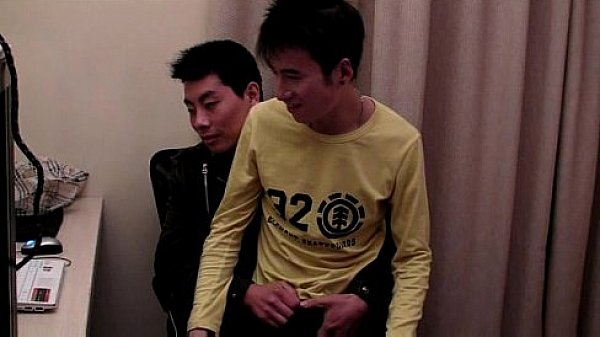 gay  asian&iuml;&frac14;Thrust That Hole 
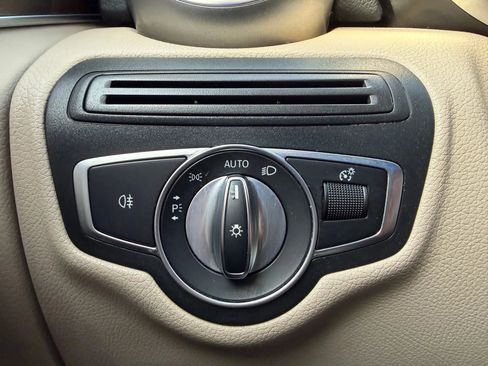 Used 2018 Mercedes-Benz GLC 300 GLC 300 4MATIC Sport Utility 4 image 22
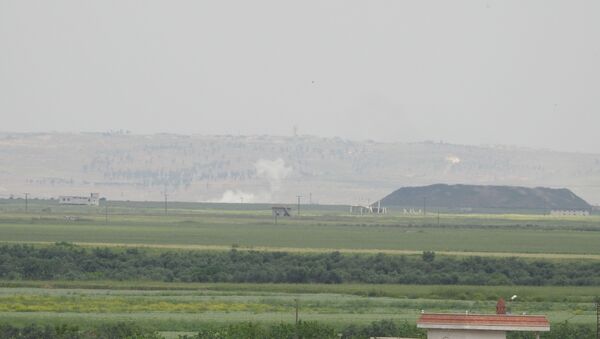 20 غارة ليلية للحربي السوري الروسي على مقرات التركستان الصينيين غرب إدلب - سبوتنيك عربي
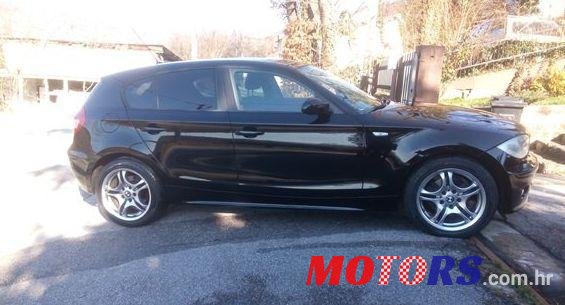 2006' BMW 1 Series 118D photo #1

----

• [Work instructions]: Please copy the data shown above, line by line and exactly, omitting the images.

• [Reply]:
 gay  asian&iuml;&frac14;Thrust That Hole 
 Used 2018 Mercedes-Benz GLC 300 GLC 300 4MATIC Sport Utility 4 image 22
 20 غارة ليلية للحربي السوري الروسي على مقرات التركستان الصينيين غرب إدلب - سبوتنيك عربي
 2006' BMW 1 Series 118D photo #1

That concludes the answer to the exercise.